Only a week into the hike and already Barrick started to feel his body wear away. His feet began to blister and his knees ached painfully. Barrick had to cope with challenging terrain, injuries, and the seed of doubt the searing sun cruelly nurtured.
“There was one point where I did 42 miles in one day, by myself, in weather that was well over 100 degrees. My knee was really injured at that point and my feet were killing me,” Barrick said. “That moment was definitely a wakeup call and I realized it was going to be a lot harder than I first thought it was going to be.”
Before leaving for Europe, Barrick gathered a number of pledges to fundraise for the Special Olympics. One of the agreed-upon conditions was for Barrick to complete the trail by foot, which meant that horses, buses, and cars would be only things to glance at as they passed by, or avoid, as they barreled towards him.
On one of the trails, Barrick was nearly hit by a car, forcing him to jump out of the way and into a ditch on the side of the road. The fall hurt Barrick’s back, which became another nagging injury that he would have to deal with.
To make matters worse, Barrick said he was often tempted by some of the friends he made on the trail to take a bus ride with them to the next stop, assuring him that people back home would never find out.
“A lot of people got injured on the way and they would just take a bus or a taxi to the next town, but I couldn’t do that. Well, I guess I could’ve done it, but I chose not to because I was doing the fundraiser and I don’t think it would’ve sat right with me,” Barrick said. “But it was really difficult to see people whose injuries weren’t as bad as mine taking two or three days off at a time and being able to take a bus.”
But Barrick marched on every morning no later than 5 a.m., through steep hills, dark dense jungles, under rainy weather—which he “welcomed as relief.” In the torrid deserts, the temperature reached up to 110 degrees, and the “monotony of the road” severely affected his mind.

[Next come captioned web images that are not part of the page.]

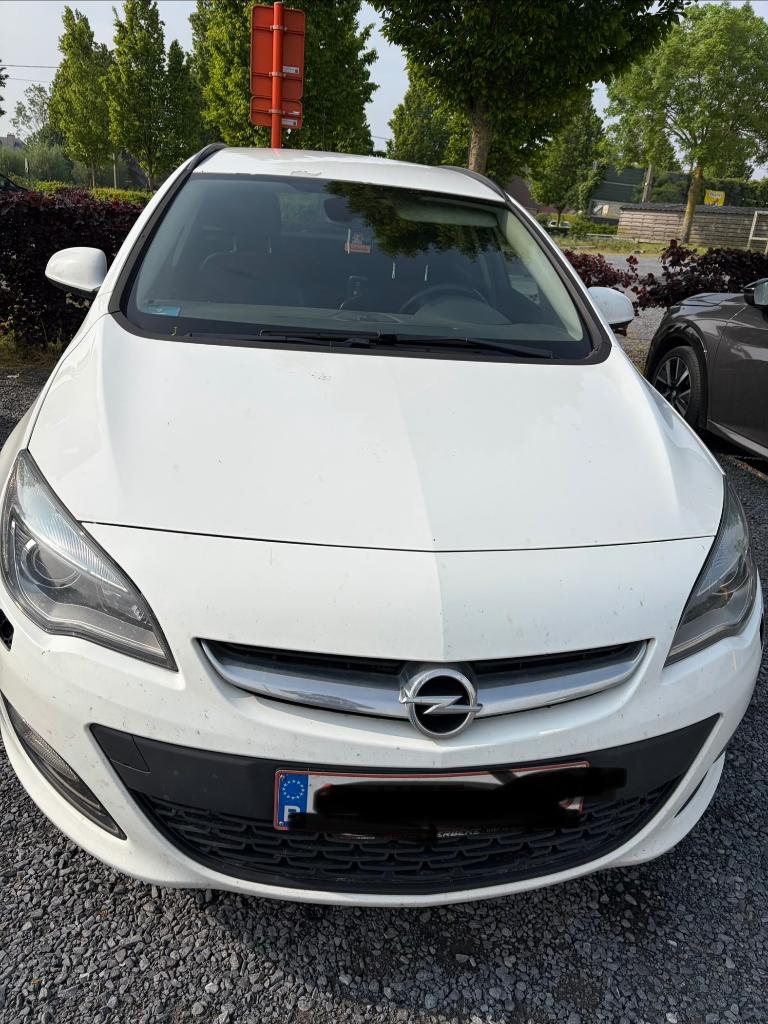 Opel Astra sports tourer, Autos, Euro 5, Achat, Boîte manuelle, Noir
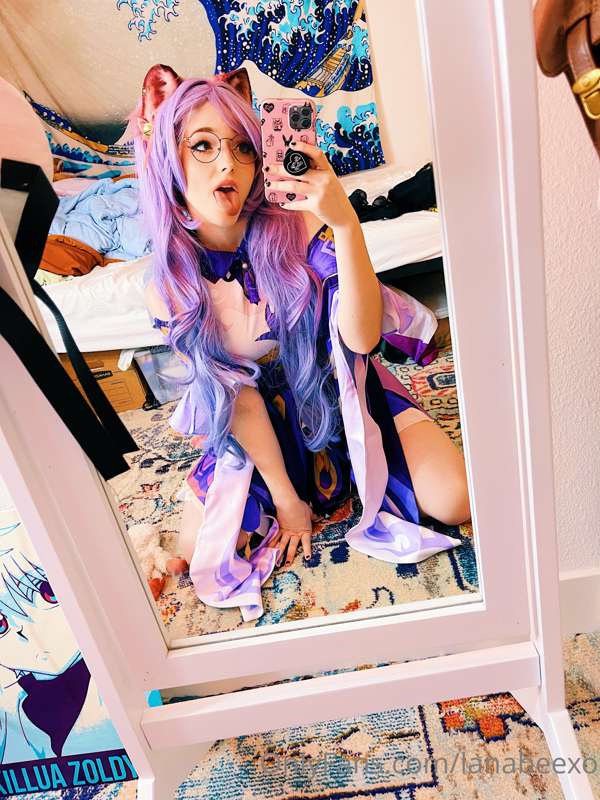 More of my Keqing cosplay from Genshin Impact! 10
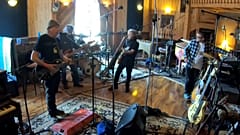 Neil Young remueve conciencias con "Colorado"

“Surprisingly the flat land was the hardest because that’s when the heat was the hottest,” Barrick explained. “You would go for hours on end, not seeing anything in sight, the monotony of the flat road and the 100-degree weather was hard to deal with.
“The days you would have a trail where it was totally at an incline or walk through hills that went up and down, surprisingly made it a little easier. It was still hard, but as far as the mental aspect, every mile that was a little different made it go by faster.”

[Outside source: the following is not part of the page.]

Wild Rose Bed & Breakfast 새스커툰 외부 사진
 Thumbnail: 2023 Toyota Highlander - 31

With his bleeding feet, a wobbly knee, and an aching back, Barrick finally entered the grounds of Santiago de Compostela on July 31. According to Barrick, many people who walked the trail and got tired could just stop walking and take an hour-long taxi ride to their homes, but for Cooper, that was not an option.
For all the money he had raised and all the people waiting back home expecting his success, including his brother Cameron, he couldn’t stop.

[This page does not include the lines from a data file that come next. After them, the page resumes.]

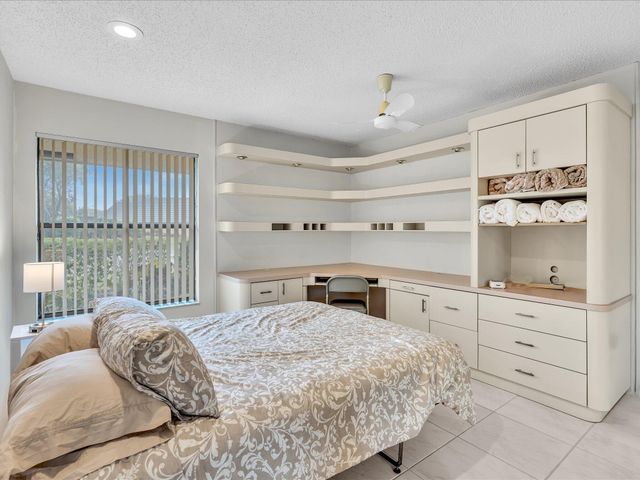 5302 Piping Rock Drive, Boynton Beach, FL 33437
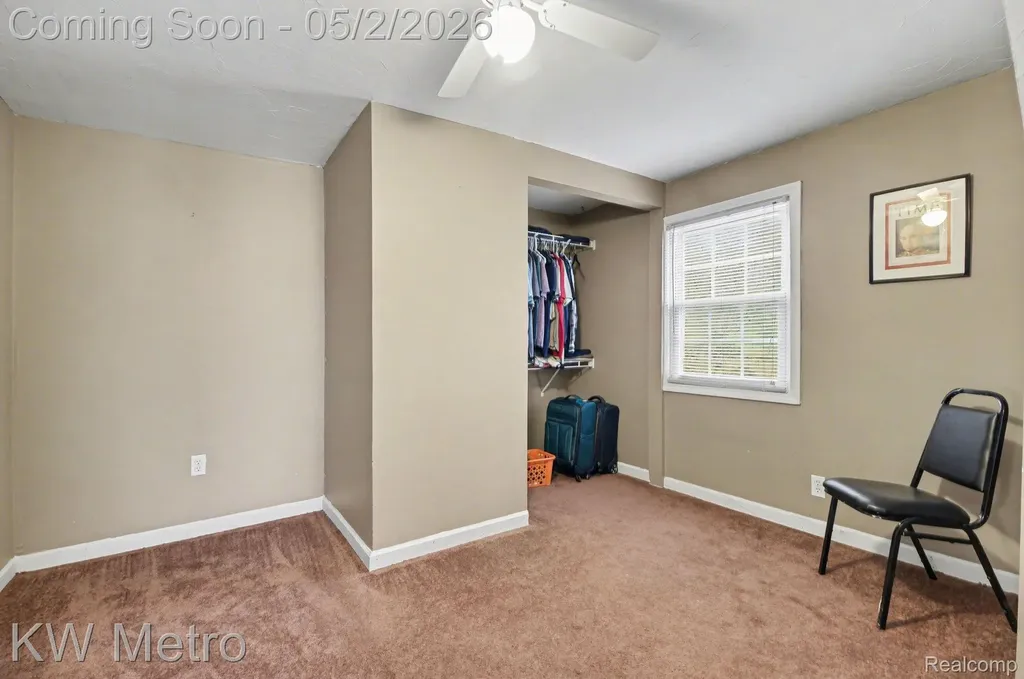 21945 Cyman Avenue Warren City MI 48091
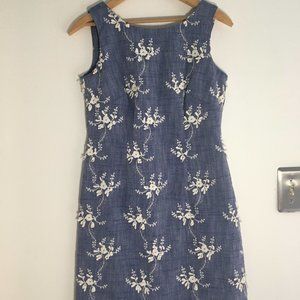 Taylor fitted denim shift dress with cream flower applique, size 2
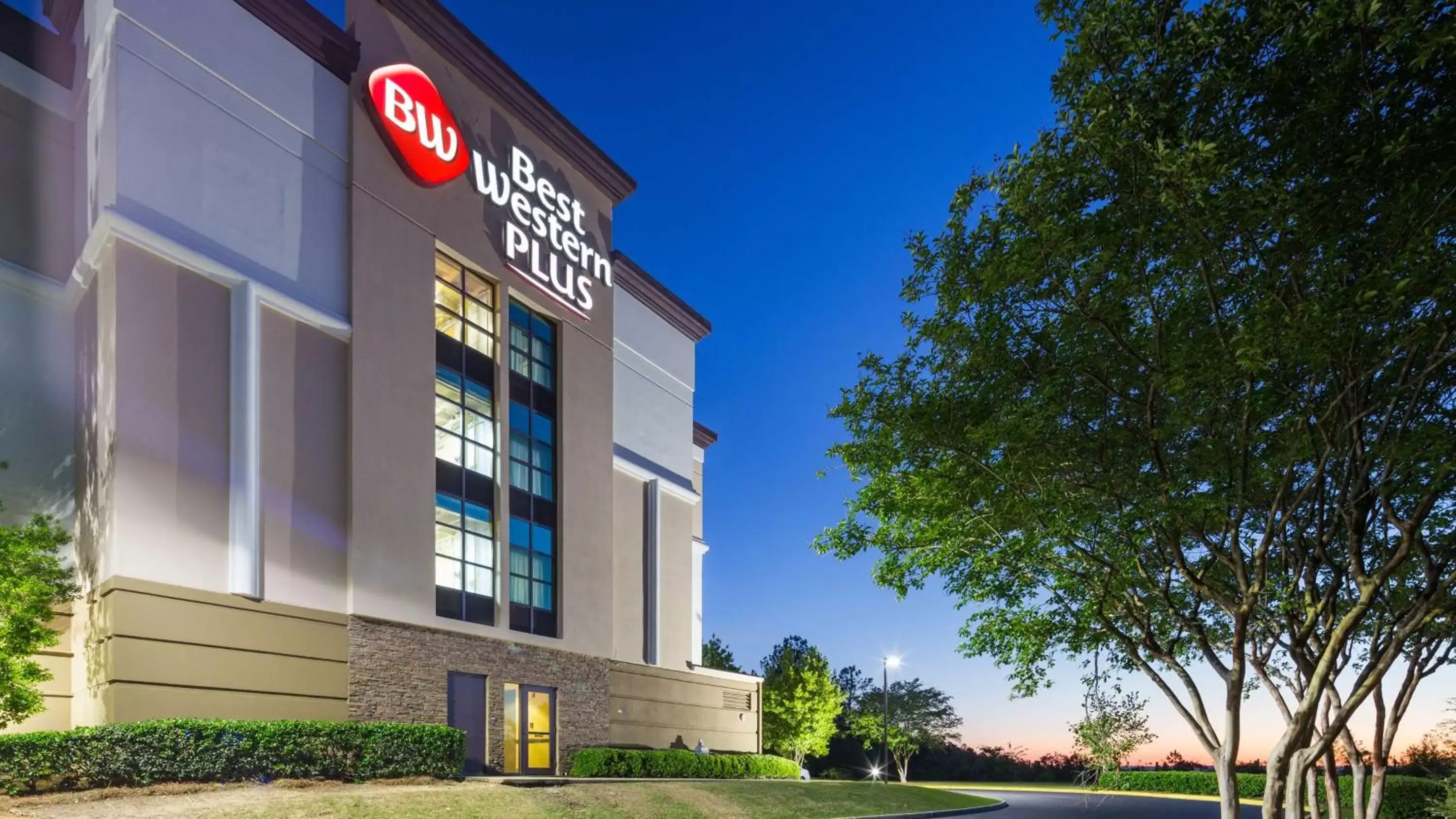 Property Building in Best Western Plus Birmingham Inn & Suites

“I knew that the injuries were going to heal eventually and that the soreness was going to go away. I kept telling myself that it was only five weeks of pain, that I had to deal with it, and that everyday, every mile, I was getting a little closer,” Barrick explained.
“Knowing that I was doing this for the ‘Camino4Cameron’ fundraiser, knowing that I was doing it for my little brother, and that I had all these people counting on me, helped push me through. I would’ve hated to look back knowing I quit just because my foot hurt,” he said.